● Work instruction:
A faithful copy of every entry is the goal; keep the images out of it.

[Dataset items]
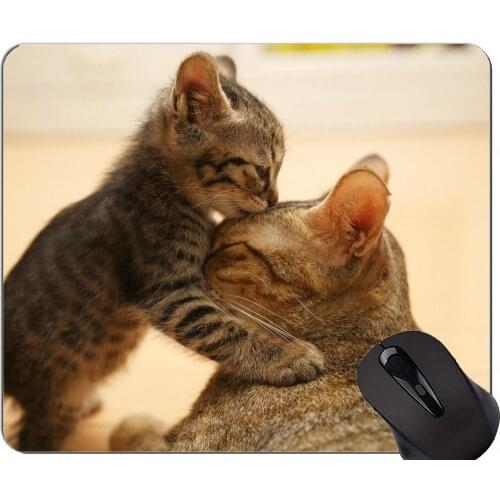 Mouse Pad with Stitched Edge,Baby Animal Kitten Animal Cute Cat Non-Slip Rubber Base Mousepad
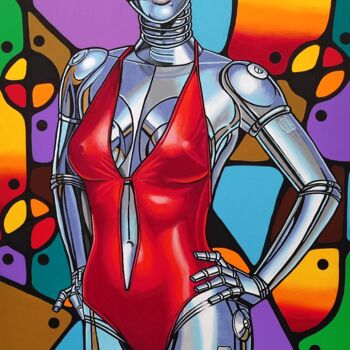 Malarstwo zatytułowany „*Donna robot di Haj…” autorstwa Markus, Oryginalna praca, Akryl Zamontowany na Drewniana rama noszy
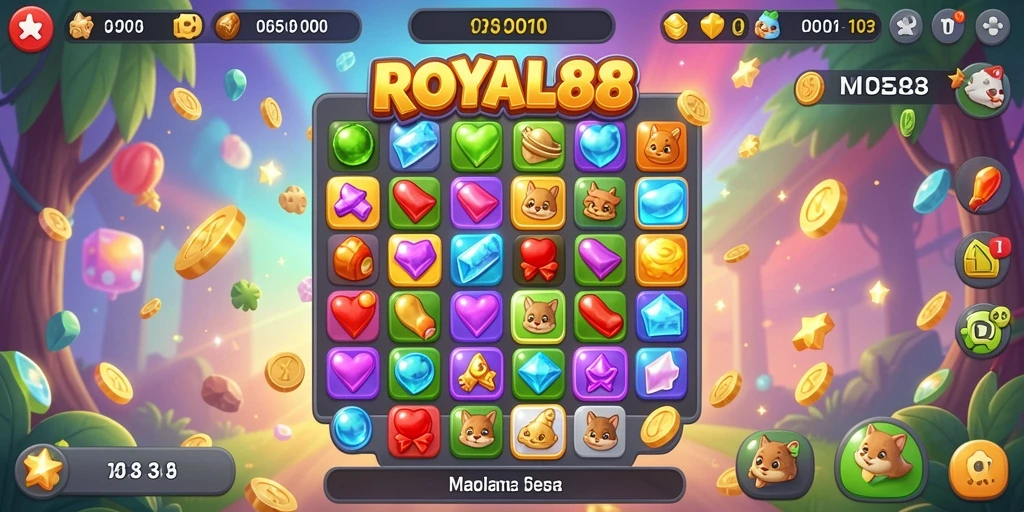 Gameplay Match-3 yang seru dan penuh warna di ROYAL88.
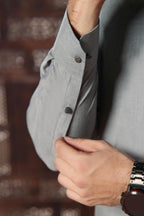 Nayab Malaysia Grey Kurta Pajama by Al Deebaj, photo 3
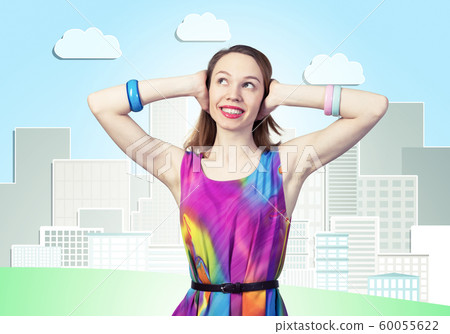 Redhead beautiful girl closing her ears with hands Redhead beautiful girl closing her ears with hands 60055622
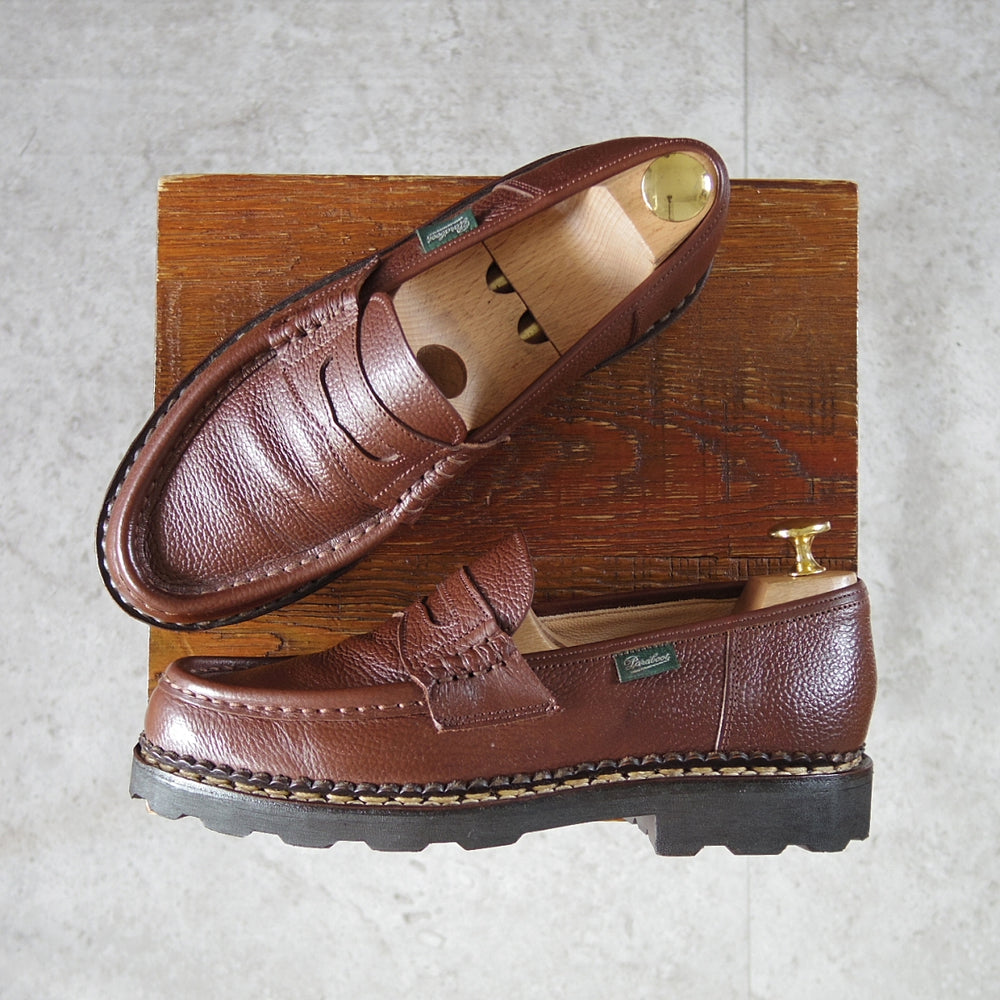極美品★パラブーツ SIZE 5.5【定価￥94,600-★ランス/REIMS】コインローファー/グレインレザー/茶/メンズ/Paraboot★o105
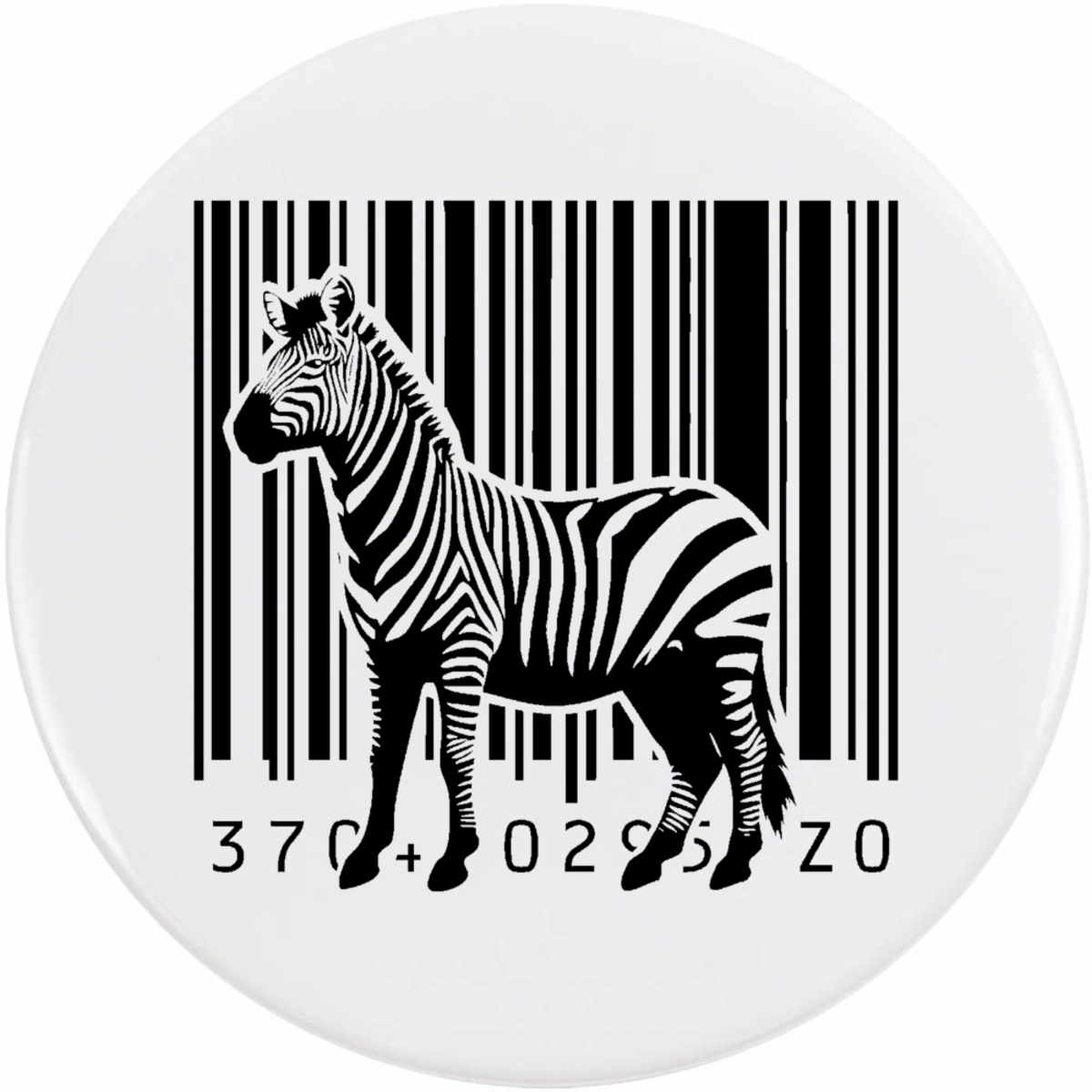 'Barcode Zebra Stripes' Button Badge - 77mm - Pin Back / Lapel Badge for Clothes, Bags, Accessories and Gifts (BB00128819)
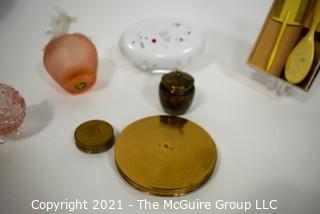 Vintage Vanity Table Items Including Perfume Bottles, Celluloid Brush Set, Powder Compact & Trinket Dish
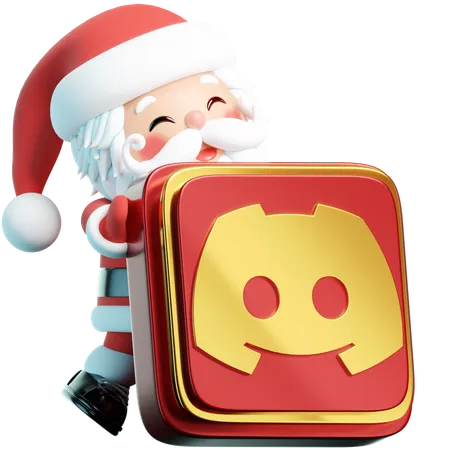 Free Discord Features Santa Cheerfully Holding The Discord Logo Amidst A Christmassy Atmosphere Creating A Playful And Festive 3 D Icon 3D Icon
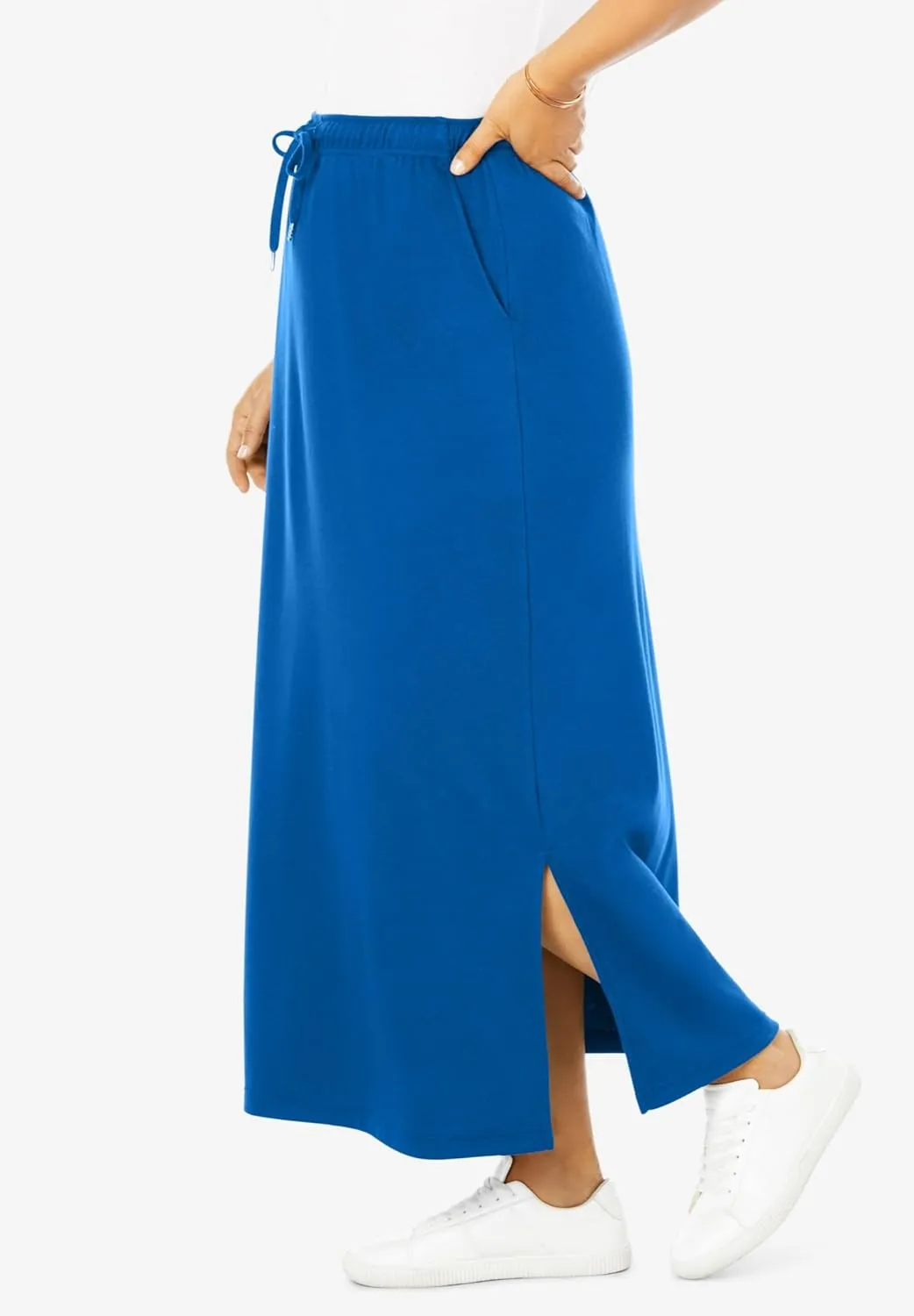Woman Within Plus Size Petite Sport Knit Side-Slit Skirt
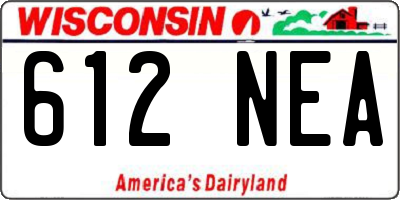 WI license plate 612NEA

● Result below:
 Mouse Pad with Stitched Edge,Baby Animal Kitten Animal Cute Cat Non-Slip Rubber Base Mousepad
 Malarstwo zatytułowany „*Donna robot di Haj…” autorstwa Markus, Oryginalna praca, Akryl Zamontowany na Drewniana rama noszy
 Gameplay Match-3 yang seru dan penuh warna di ROYAL88.
 Nayab Malaysia Grey Kurta Pajama by Al Deebaj, photo 3
 Redhead beautiful girl closing her ears with hands Redhead beautiful girl closing her ears with hands 60055622
極美品★パラブーツ SIZE 5.5【定価￥94,600-★ランス/REIMS】コインローファー/グレインレザー/茶/メンズ/Paraboot★o105
 'Barcode Zebra Stripes' Button Badge - 77mm - Pin Back / Lapel Badge for Clothes, Bags, Accessories and Gifts (BB00128819)
 Vintage Vanity Table Items Including Perfume Bottles, Celluloid Brush Set, Powder Compact & Trinket Dish
 Free Discord Features Santa Cheerfully Holding The Discord Logo Amidst A Christmassy Atmosphere Creating A Playful And Festive 3 D Icon 3D Icon
Woman Within Plus Size Petite Sport Knit Side-Slit Skirt
 WI license plate 612NEA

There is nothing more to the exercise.